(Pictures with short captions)
◇ ◇ ◇ ◇ ◇ ◇ ◇

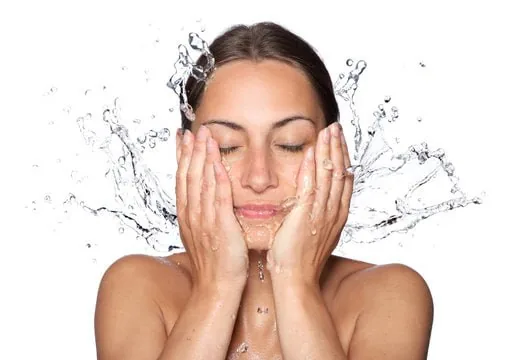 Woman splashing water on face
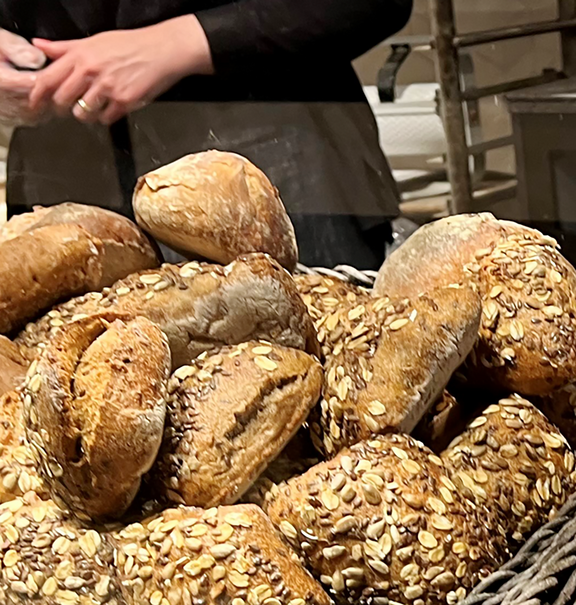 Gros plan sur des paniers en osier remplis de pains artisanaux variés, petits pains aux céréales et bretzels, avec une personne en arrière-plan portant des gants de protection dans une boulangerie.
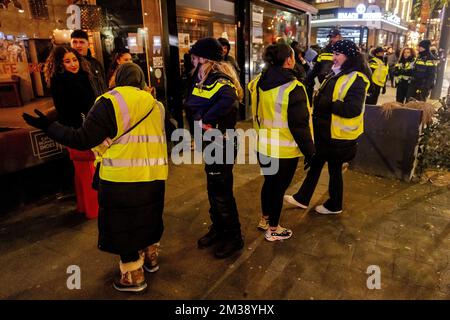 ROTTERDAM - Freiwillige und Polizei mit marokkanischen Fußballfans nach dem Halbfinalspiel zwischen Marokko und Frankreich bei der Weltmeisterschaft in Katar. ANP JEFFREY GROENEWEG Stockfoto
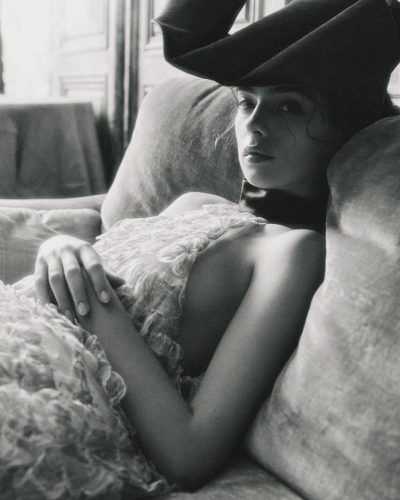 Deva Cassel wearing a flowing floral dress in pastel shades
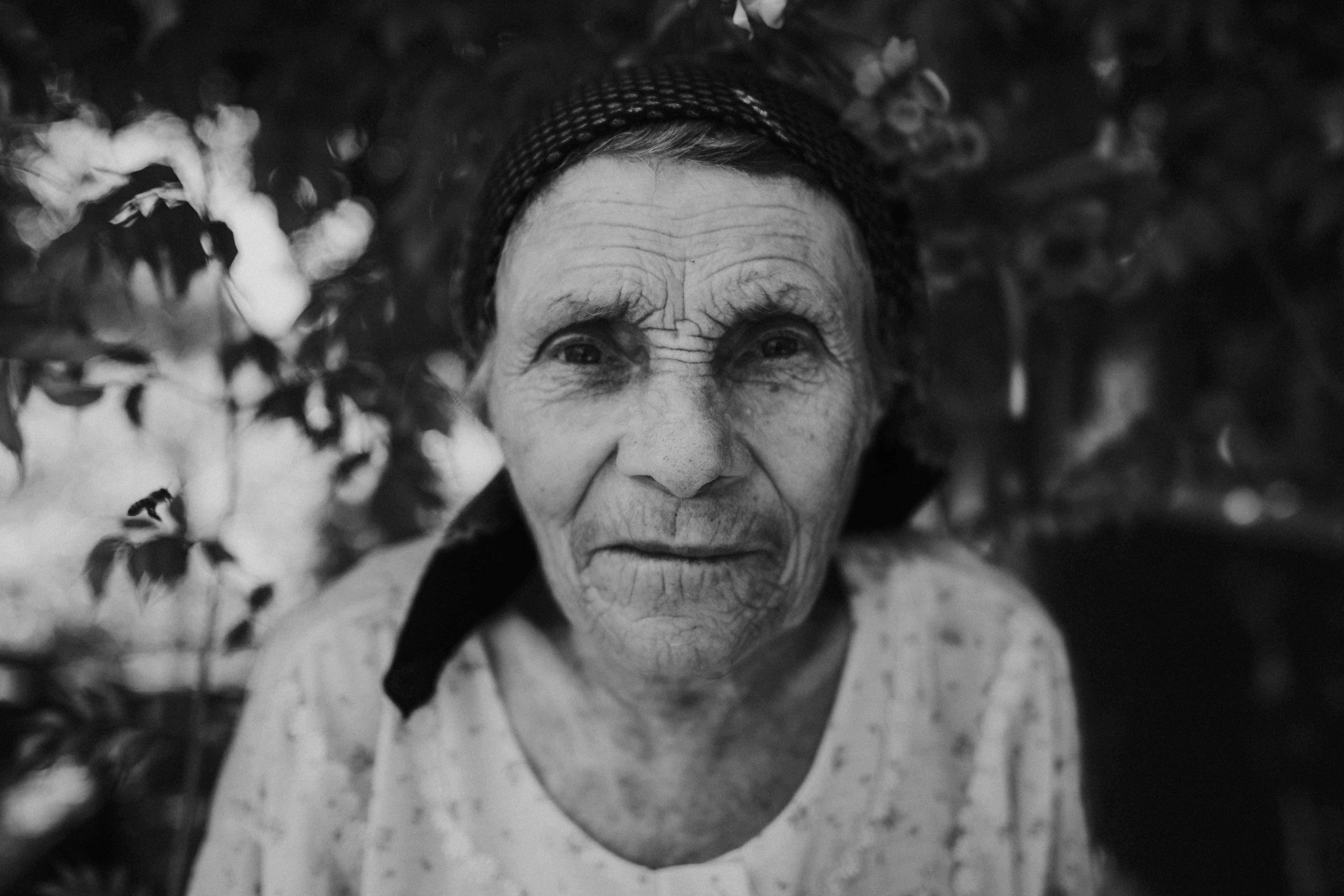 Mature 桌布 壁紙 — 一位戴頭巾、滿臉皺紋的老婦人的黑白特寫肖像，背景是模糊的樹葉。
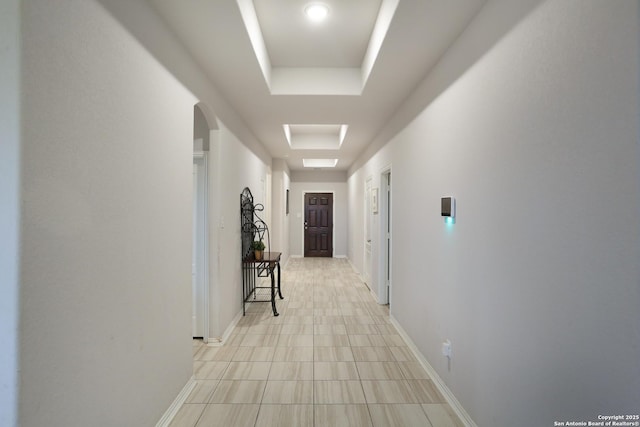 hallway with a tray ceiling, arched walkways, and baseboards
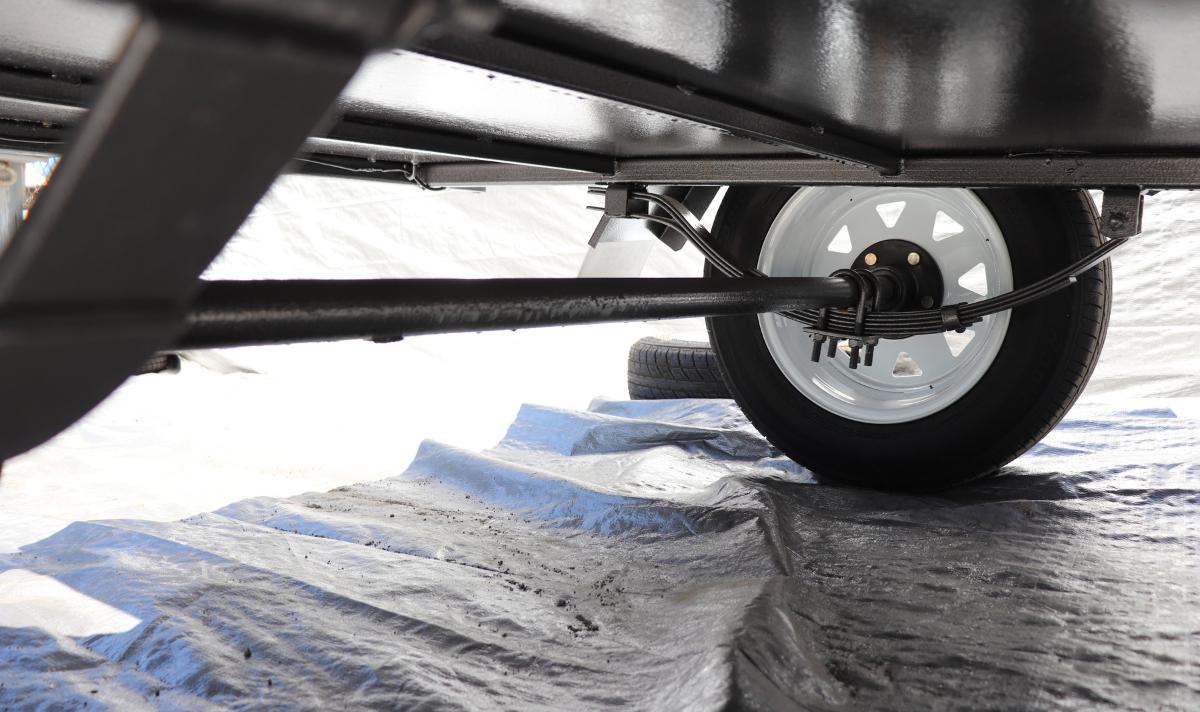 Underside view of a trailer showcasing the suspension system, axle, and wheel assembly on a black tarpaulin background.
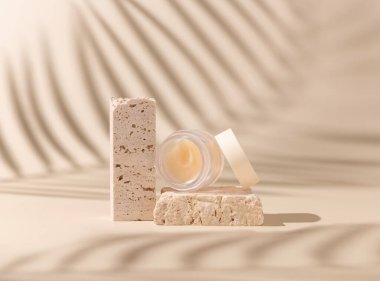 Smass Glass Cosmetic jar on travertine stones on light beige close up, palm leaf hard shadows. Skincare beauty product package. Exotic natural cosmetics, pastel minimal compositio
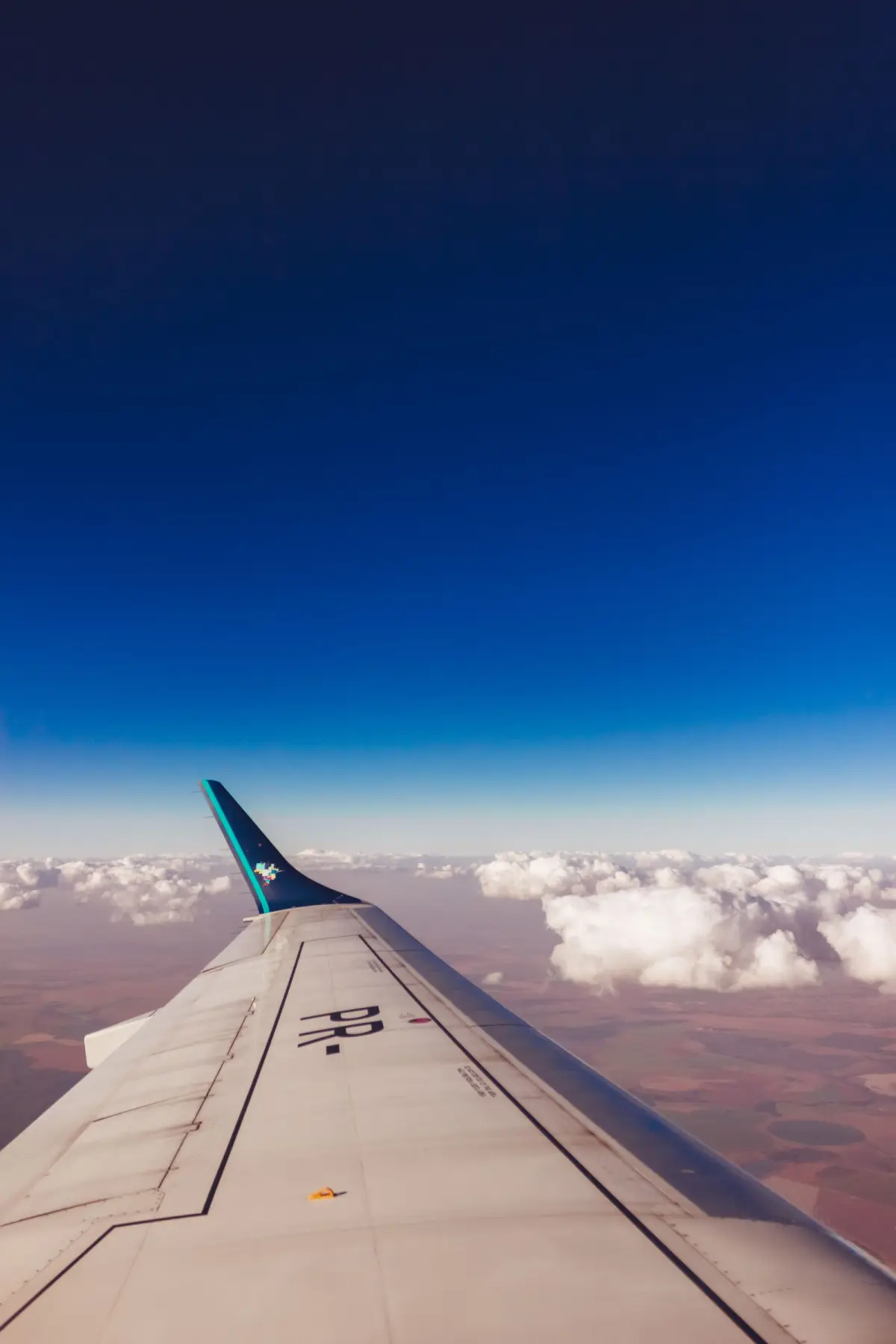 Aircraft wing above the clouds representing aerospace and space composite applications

◇ ◇ ◇ ◇ ◇ ◇ ◇

__PROBLEM TO SOLVE__
Each entry above should be restated word for word, though no picture may appear in the copy.

__RESPONSE__
 Woman splashing water on face
 Gros plan sur des paniers en osier remplis de pains artisanaux variés, petits pains aux céréales et bretzels, avec une personne en arrière-plan portant des gants de protection dans une boulangerie.
 ROTTERDAM - Freiwillige und Polizei mit marokkanischen Fußballfans nach dem Halbfinalspiel zwischen Marokko und Frankreich bei der Weltmeisterschaft in Katar. ANP JEFFREY GROENEWEG Stockfoto
 Deva Cassel wearing a flowing floral dress in pastel shades
 Mature 桌布 壁紙 — 一位戴頭巾、滿臉皺紋的老婦人的黑白特寫肖像，背景是模糊的樹葉。
 hallway with a tray ceiling, arched walkways, and baseboards
 Underside view of a trailer showcasing the suspension system, axle, and wheel assembly on a black tarpaulin background.
 Smass Glass Cosmetic jar on travertine stones on light beige close up, palm leaf hard shadows. Skincare beauty product package. Exotic natural cosmetics, pastel minimal compositio
 Aircraft wing above the clouds representing aerospace and space composite applications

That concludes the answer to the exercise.